Work instructions
Set down the data below without change, skipping the pictures it holds.

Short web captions
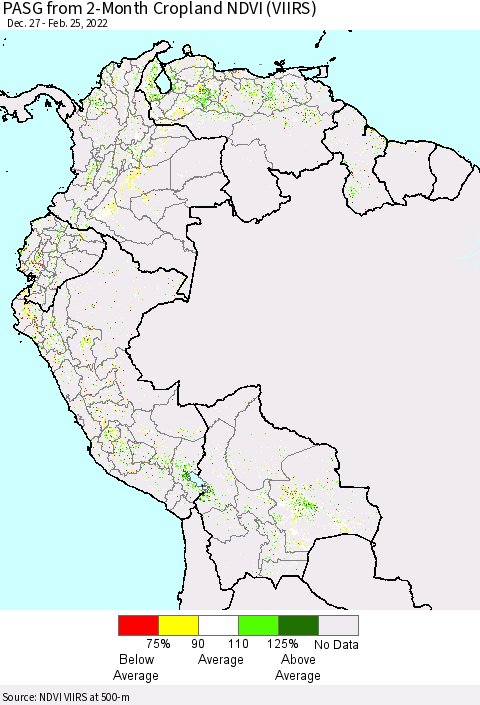 Northern South America PASG from 2-Month Cropland NDVI (VIIRS) Thematic Map For 2/18/2022 - 2/25/2022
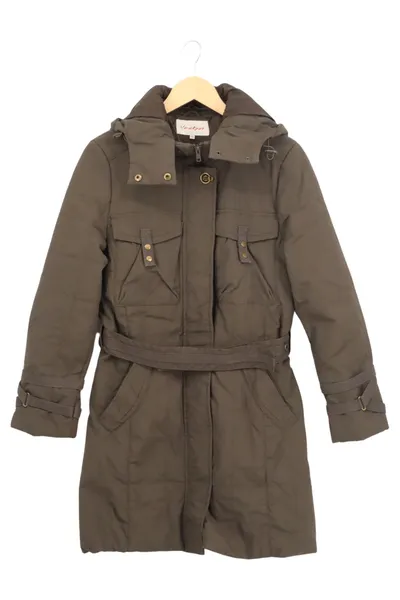 JACKPOT Damen Steppmantel Braun Gr. XS/32 mit Kapuze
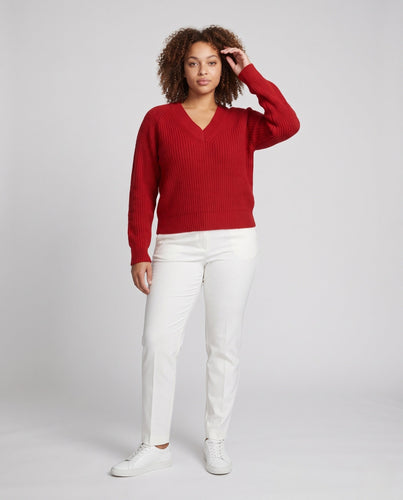 Damen flauschiger V-Ausschnitt Pullover im Mohair-Look mit gerippten Bündchen Shop Nory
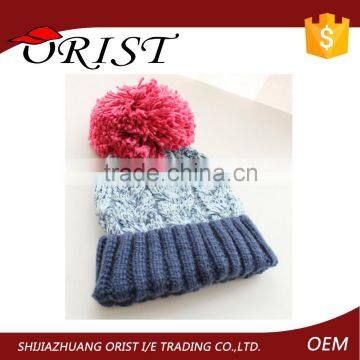 Acrylic custom knitted lady knitted winter cap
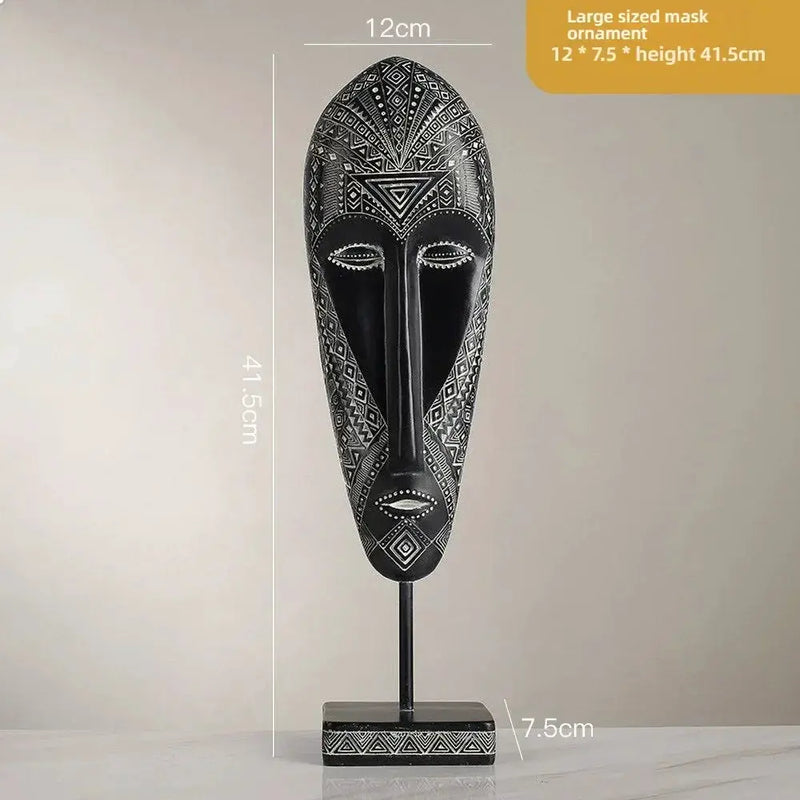 African Tribal Face Mask Decorative Sculpture for Home Decor by House Of Avana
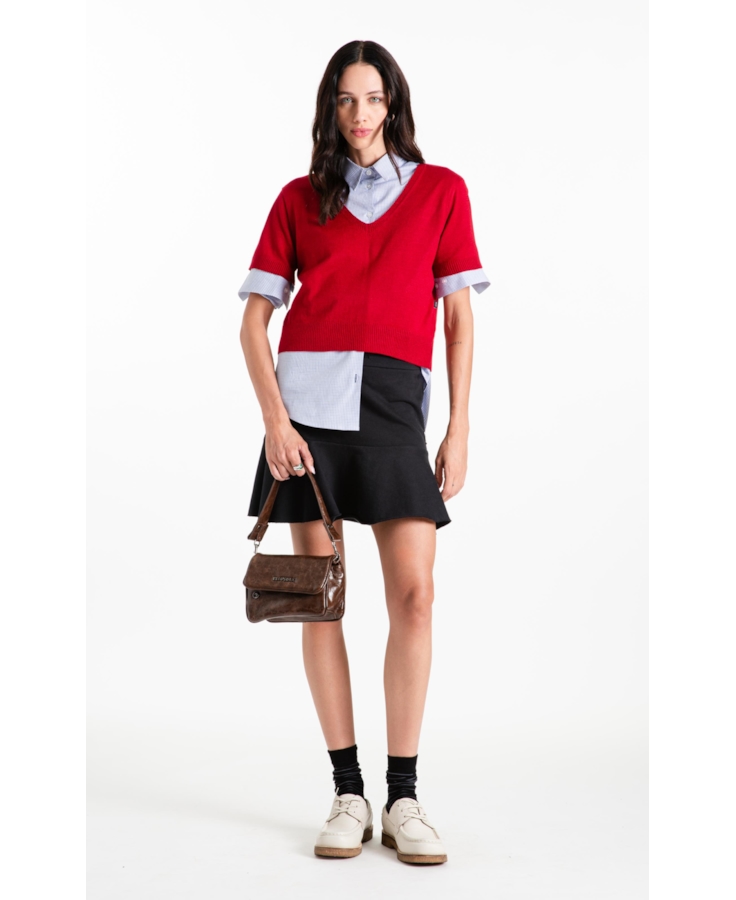 Saia Moletom Original Ruffle Evasê Preto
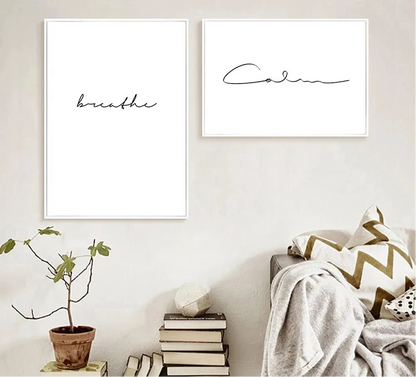 black and white “Breathe” minimalist quote canvas wall art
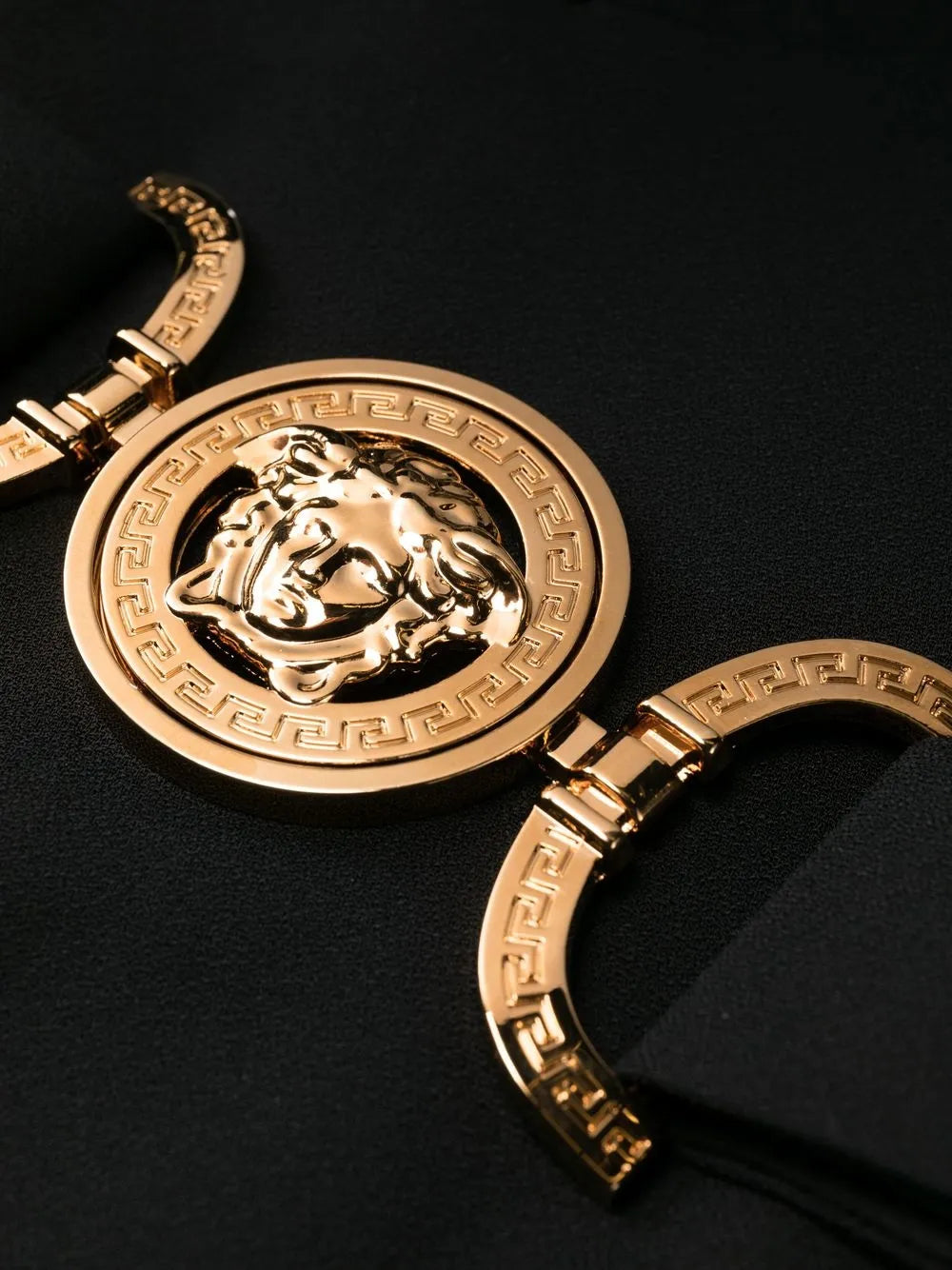 Versace Belted V-Neck Midi Dress with Medallion Detail - image 10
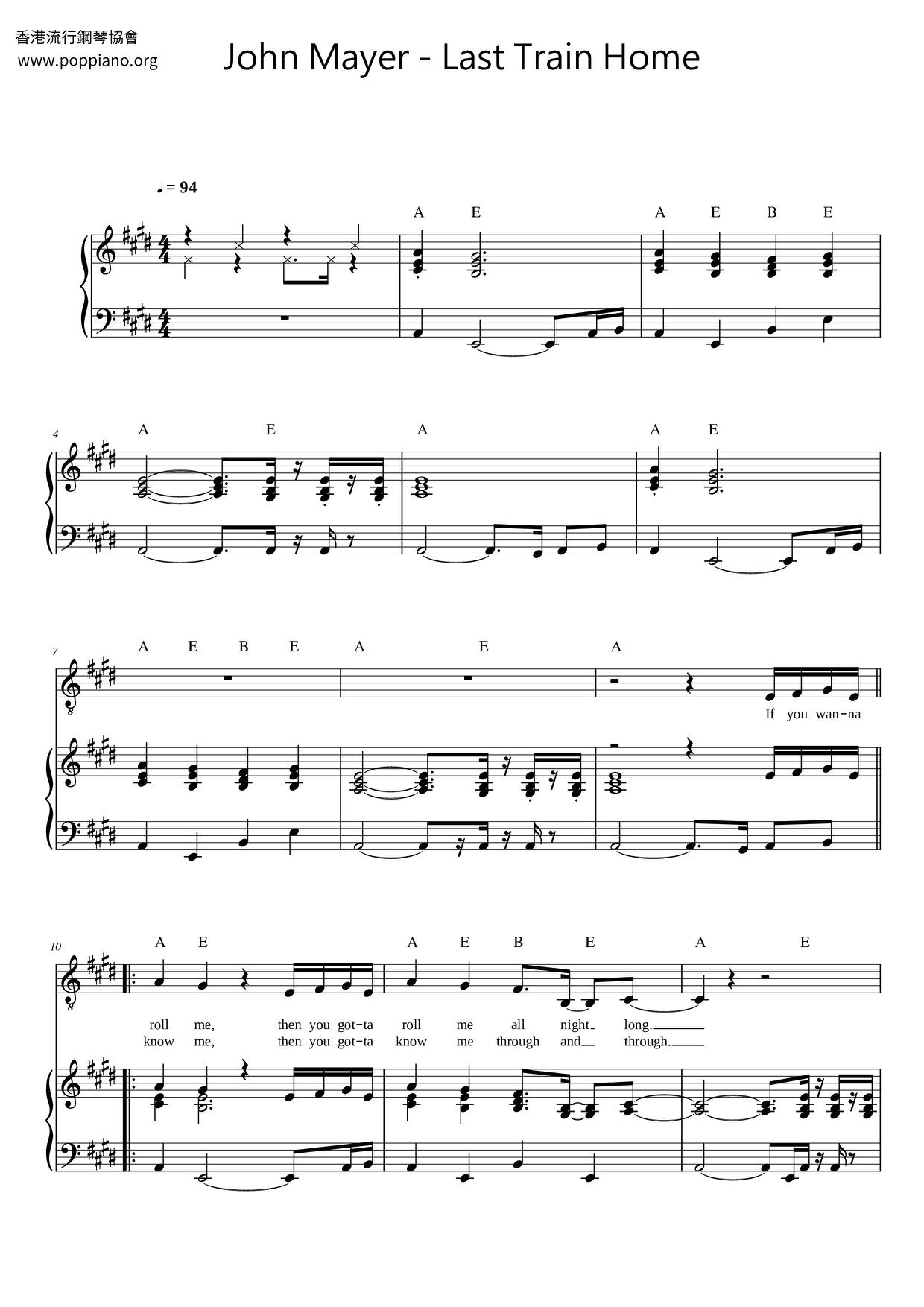 John MayerLast Train Home Sheet Music pdf, Free Score Download ★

Answer for the task
 Northern South America PASG from 2-Month Cropland NDVI (VIIRS) Thematic Map For 2/18/2022 - 2/25/2022
 JACKPOT Damen Steppmantel Braun Gr. XS/32 mit Kapuze
 Damen flauschiger V-Ausschnitt Pullover im Mohair-Look mit gerippten Bündchen Shop Nory
 Acrylic custom knitted lady knitted winter cap
 African Tribal Face Mask Decorative Sculpture for Home Decor by House Of Avana
 Saia Moletom Original Ruffle Evasê Preto
 black and white “Breathe” minimalist quote canvas wall art
 Versace Belted V-Neck Midi Dress with Medallion Detail - image 10
 John MayerLast Train Home Sheet Music pdf, Free Score Download ★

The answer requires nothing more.